There are five key ingredients to an MD simulation, which are boundary condition, initial condition, force calculation, integrator/ensemble, and property calculation. A brief overview of them is given below, followed by more specific discussions. Boundary condition: There are two major types of boundary conditions: isolated boundary condition (IBC) and periodic boundary condition (PBC). IBC is ideally suited for studying clusters and molecules, while PBC is suited for studying bulk liquids and solids. Boundary condition are set to confine the motion of the molecules in the system.
Initial condition: Since Newton’s equations of motion are second-order ordinary differential equations (ODE), IC basically means x3N (t = 0) and x3N (t = 0), the initial particle positions and velocities. Generating the IC for crystalline solids is usually quite easy, but IC for liquids needs some work, and even more so for amorphous solids. A common strategy to create a proper liquid configuration is to melt a crystalline solid. And if one wants to obtain an amorphous configuration, a strategy is to quench the liquid during a MD run.
Force Calculation: Then Lennard Jones potential is calculated.
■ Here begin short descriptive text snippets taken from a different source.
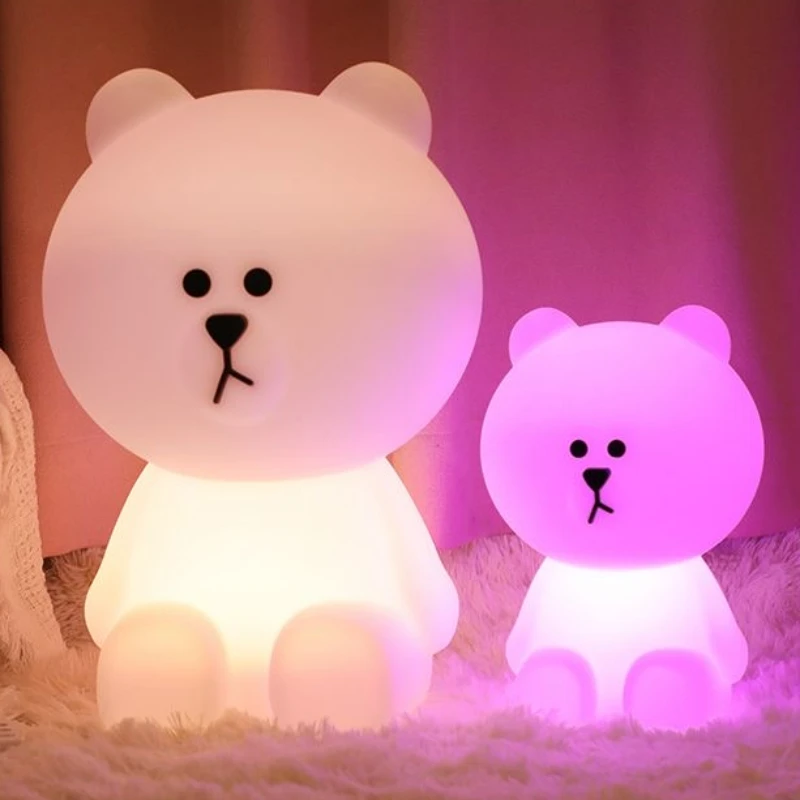 

LED Cute 30CM Bear Mood Light Night Lamp Children's Bedroom Bedside Lights LED Table Light Living Room Floor Light Birthday Gift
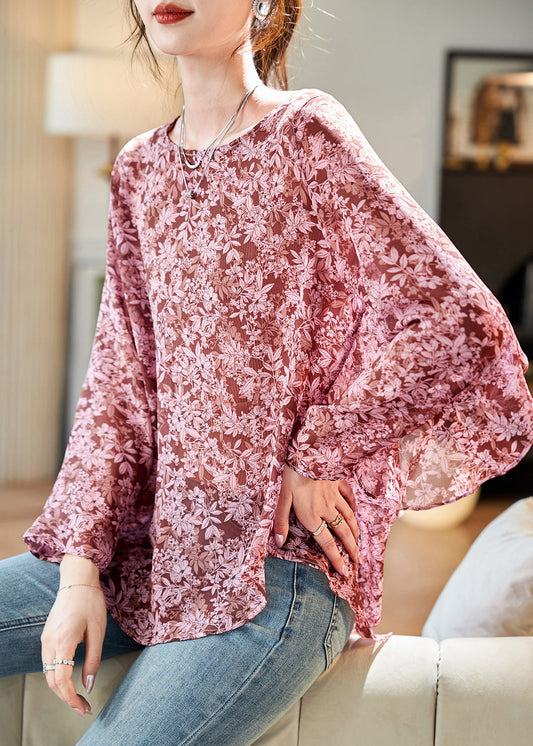 Loose Pink O Neck Print Chiffon Shirt Tops Long Sleeve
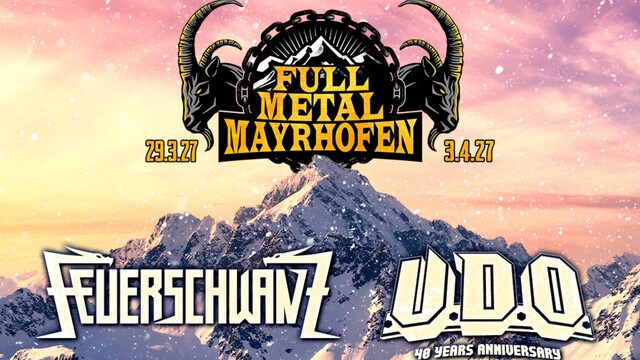 Full Metal Mayrhofen mit Logos der Headliner Bands vor einem Schneebedeckten Berg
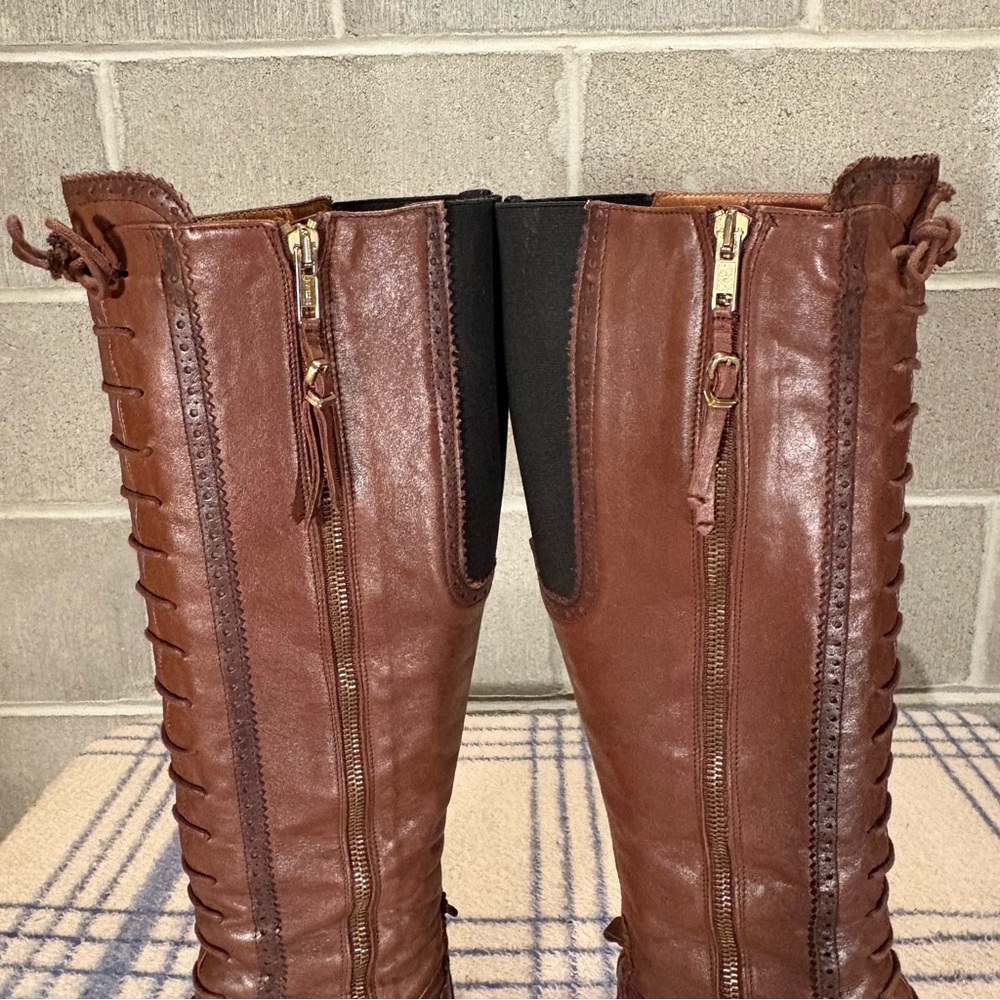 Zara tall leather riding boots. - Picture 5 of 13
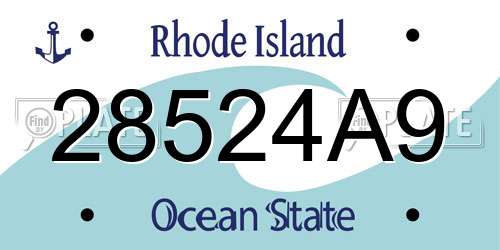 28524A9 Rhode Island License Plate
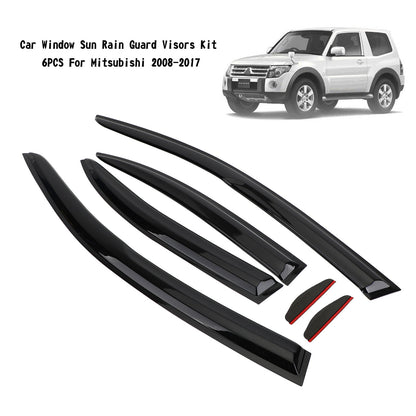Car Window Sun Rain Guard Visors Kit 6PCS For Mitsubishi Lancer 2008-2017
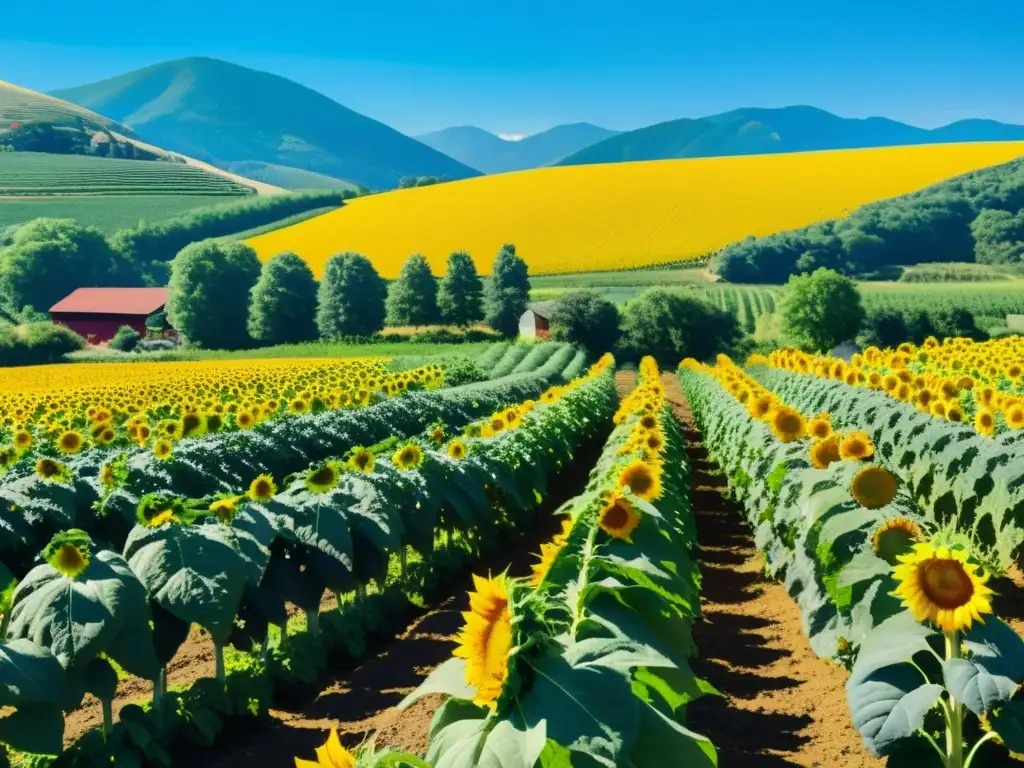 Granja orgánica llena de vida y color, con cultivos variados bajo cielo azul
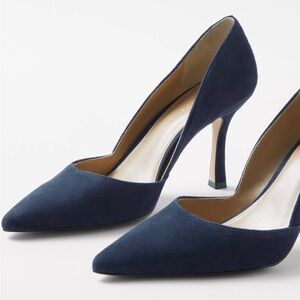 ANN TAYLOR 100% Suede Stiletto Power Pump-SZ 10-Dusty Dark Powder Blue RARE FIND
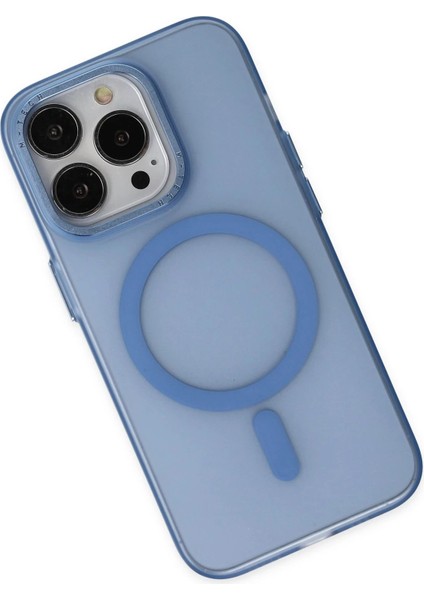 Newface iPhone 14 Pro Kılıf Lodos Magneticsafe Mat Kapak - Sierra Blue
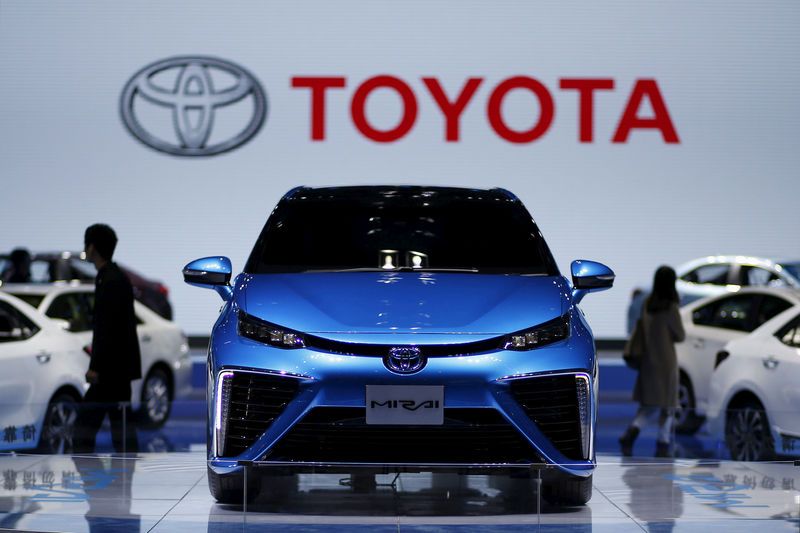 A Toyota Mirai car is seen during a presentation at the 16th Shanghai International Automobile Industry Exhibition in Shanghai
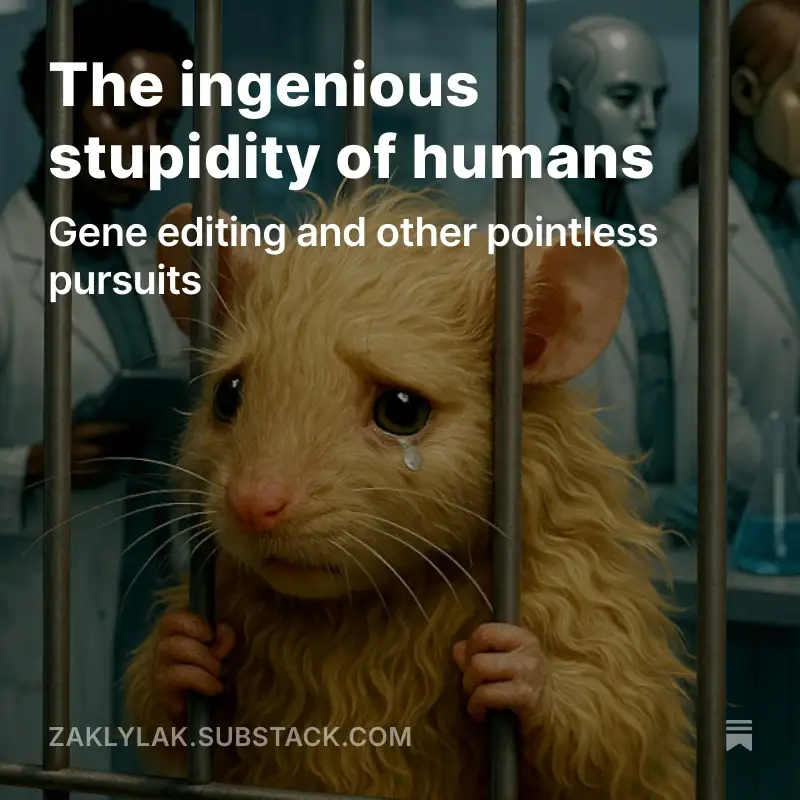 A genetically modified woolly mouse, trapped in a laboratory cage, crying.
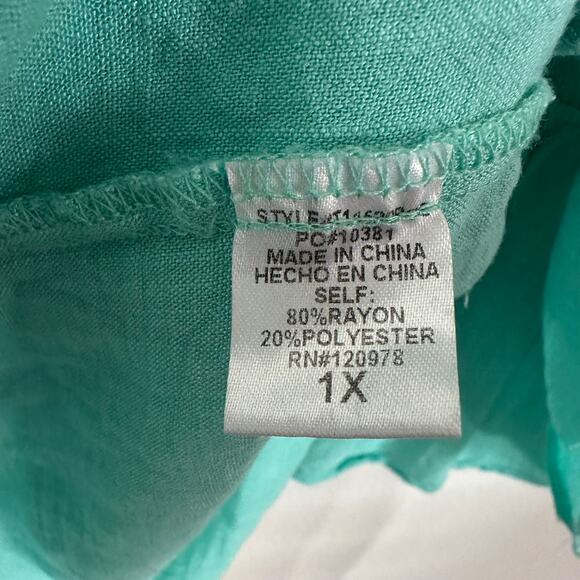 Entro Blue Ruffle Button Front Top Women's Plus Size 1X‎ Blouse Casual - Picture 5 of 8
For long-range Coulomb interactions, special algorithms exist to break them up into two contributions: a short-ranged interaction, plus a smooth, field-like interaction, both of which can be computed efficiently in separate ways.
Integrator/Ensemble: Different conformers are generated orderly and the conformation ensemble is integrated to get the virtual movie of the change in conformers of the molecule of the system.
Property calculation: A great value of MDSim is that it is “omnipotent” at the level of classical atoms. All properties that are well-posed in classical mechanics and statistical mechanics can in principle be computed.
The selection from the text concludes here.